# [Anno 1404] Kampagne Kapitel 1 die Holzfäller Hütten sollen fertig sein?hilfe!



## chaos777 (30. Juni 2009)

*[Anno 1404] Kampagne Kapitel 1 die Holzfäller Hütten sollen fertig sein?hilfe!*

ich hab 2 Hütten gebaut,sogar da wo viel Bäume sind+Straßenanbidnung zum Kontor.Was sol ich da machen?aber Lord Richard sagt immer das gleiche
ich bin am verzweifeln^^
danke im voraus


----------



## McDrake (30. Juni 2009)

*AW: Kampagne Kapitel 1 die Holzfäller Hütten sollen fertig sein?hilfe!*



			
				chaos777 am 30.06.2009 17:21 schrieb:
			
		

> ich hab 2 Hütten gebaut,sogar da wo viel Bäume sind+Straßenanbidnung zum Kontor.Was sol ich da machen?aber Lord Richard sagt immer das gleiche
> ich bin am verzweifeln^^
> danke im voraus


Was sagt er denn?


----------



## chaos777 (30. Juni 2009)

*AW: Kampagne Kapitel 1 die Holzfäller Hütten sollen fertig sein?hilfe!*



			
				McDrake am 30.06.2009 17:27 schrieb:
			
		

> chaos777 am 30.06.2009 17:21 schrieb:
> 
> 
> 
> ...


er sagt das die Holzfällerhütten fertig sein sollen^^obwohl ich 2 gebaut habe


----------



## Andy19 (30. Juni 2009)

*AW: Kampagne Kapitel 1 die Holzfäller Hütten sollen fertig sein?hilfe!*



			
				chaos777 am 30.06.2009 17:31 schrieb:
			
		

> er sagt das die Holzfällerhütten fertig sein sollen^^obwohl ich 2 gebaut habe



Produzieren die Holzfällerhütten Holz?


----------



## Herbboy (30. Juni 2009)

*AW: Kampagne Kapitel 1 die Holzfäller Hütten sollen fertig sein?hilfe!*

wenn du die hütten markierst: wird dann auch eine markhalle oder das kontor grün? wenn nein, dann sind die nicht in der reichweite für markkarren. es reicht nicht, dass ein markt in der nähe ist, es muss schon ein marktHAUS sein. und es muss auch ne straße dahin führen.

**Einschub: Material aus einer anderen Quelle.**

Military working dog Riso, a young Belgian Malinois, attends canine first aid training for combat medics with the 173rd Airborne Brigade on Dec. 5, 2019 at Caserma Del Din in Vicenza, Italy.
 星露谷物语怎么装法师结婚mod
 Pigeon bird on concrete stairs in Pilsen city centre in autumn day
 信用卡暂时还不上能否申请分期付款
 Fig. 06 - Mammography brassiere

und auch die frage: wird denn da schon holz produziert?


----------



## Atropa (30. Juni 2009)

*AW: Kampagne Kapitel 1 die Holzfäller Hütten sollen fertig sein?hilfe!*



			
				Herbboy am 30.06.2009 20:09 schrieb:
			
		

> wenn du die hütten markierst: wird dann auch eine markhalle oder das kontor grün? wenn nein, dann sind die nicht in der reichweite für markkarren. es reicht nicht, dass ein markt in der nähe ist, es muss schon ein marktHAUS sein. und es muss auch ne straße dahin führen.



Man kann doch eh nur im Einflussbereich von einer Markthalle produktive Gebäude errichten, daher sollt das nicht das Problem sein.


----------



## Andy19 (30. Juni 2009)

*AW: Kampagne Kapitel 1 die Holzfäller Hütten sollen fertig sein?hilfe!*



			
				Atropa am 30.06.2009 21:04 schrieb:
			
		

> Herbboy am 30.06.2009 20:09 schrieb:
> 
> 
> 
> ...


Nö, ich hatte schon ein paar mal Gebäude versehentlich gebaut, die außerhalb der Reichweite waren. Allerdings waren das glaube ich Gebäude gewesen, die mehrere Rohstoffe brauchten und eines aus davon aus dem Markthaus holen sollten.


----------



## chaos777 (30. Juni 2009)

*AW: Kampagne Kapitel 1 die Holzfäller Hütten sollen fertig sein?hilfe!*

jetzt  habe ich entlich das Problem mit den Hütten weg.Es lag an der Bauweise^^ich habe 2 Holzhütten direkt neben einander gebaut,daher galt es nicht als gebaut.Nach dem ich aber,einen Abstand zwischen den Hütten gamacht habe,gings plötzlich.Warum das so war, ist mir ein Rätsel


----------



## Herbboy (30. Juni 2009)

*AW: Kampagne Kapitel 1 die Holzfäller Hütten sollen fertig sein?hilfe!*



			
				chaos777 am 30.06.2009 23:02 schrieb:
			
		

> jetzt  habe ich entlich das Problem mit den Hütten weg.Es lag an der Bauweise^^ich habe 2 Holzhütten direkt neben einander gebaut,daher galt es nicht als gebaut.Nach dem ich aber,einen Abstand zwischen den Hütten gamacht habe,gings plötzlich.Warum das so war, ist mir ein Rätsel



naja, die hütten haben doch so nen einflussbereich, der sollte möglichst frei sein, weil nur da dann bäume "erntbar" sind. da wäre es natürlich dumm, wenn du die 9-16 felder einfach "verschenkst", die die nachbarhütte an platz einnimmt


----------



## PeterSicherlich (30. Dezember 2009)

*AW: Kampagne Kapitel 1 die Holzfäller Hütten sollen fertig sein?hilfe!*

Hey, ihr ich habe das gleiche Problem, ich werke schon seit 2 Stunden, doch immer wieder der satz:
 ''Die Holzfällerhütten sollten fertig sein, befor all eure Vorräte aufgebraucht sind''

 Ich komme einfach nicht weiter, noch Tipps?


----------



## Herbboy (30. Dezember 2009)

*AW: Kampagne Kapitel 1 die Holzfäller Hütten sollen fertig sein?hilfe!*



PeterSicherlich schrieb:


> Hey, ihr ich habe das gleiche Problem, ich werke schon seit 2 Stunden, doch immer wieder der satz:
> ''Die Holzfällerhütten sollten fertig sein, befor all eure Vorräte aufgebraucht sind''
> 
> Ich komme einfach nicht weiter, noch Tipps?


 hast du auch alles beachtet? wenn du auf kontor klickst: werden die hütten dann grün? gibt es einen weg vom kontor zu den hütten?


----------